Your instructions
When you output the entries, begin with the first line and end with the line containing "Off_White_And_Golden_Alloy_Pearl_Choker_Set_For_Women", keeping each line exactly as it is.

Data
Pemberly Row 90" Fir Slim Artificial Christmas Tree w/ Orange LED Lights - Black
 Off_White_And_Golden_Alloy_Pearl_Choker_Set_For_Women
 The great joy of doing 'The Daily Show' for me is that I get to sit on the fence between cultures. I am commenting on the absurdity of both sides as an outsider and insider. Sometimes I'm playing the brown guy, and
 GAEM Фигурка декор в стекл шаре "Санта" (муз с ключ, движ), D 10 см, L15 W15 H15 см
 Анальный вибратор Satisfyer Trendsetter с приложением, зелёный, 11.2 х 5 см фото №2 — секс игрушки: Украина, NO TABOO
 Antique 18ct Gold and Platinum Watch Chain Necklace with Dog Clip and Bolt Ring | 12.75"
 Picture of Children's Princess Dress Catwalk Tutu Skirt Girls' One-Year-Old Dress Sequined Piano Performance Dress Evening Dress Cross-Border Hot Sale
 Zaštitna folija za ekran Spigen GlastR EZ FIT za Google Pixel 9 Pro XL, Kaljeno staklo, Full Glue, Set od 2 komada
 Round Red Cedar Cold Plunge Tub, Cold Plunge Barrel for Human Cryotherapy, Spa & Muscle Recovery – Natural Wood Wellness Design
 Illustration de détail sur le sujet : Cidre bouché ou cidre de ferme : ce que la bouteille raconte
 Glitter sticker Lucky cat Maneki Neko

Reply to the task
Pemberly Row 90" Fir Slim Artificial Christmas Tree w/ Orange LED Lights - Black
 Off_White_And_Golden_Alloy_Pearl_Choker_Set_For_Women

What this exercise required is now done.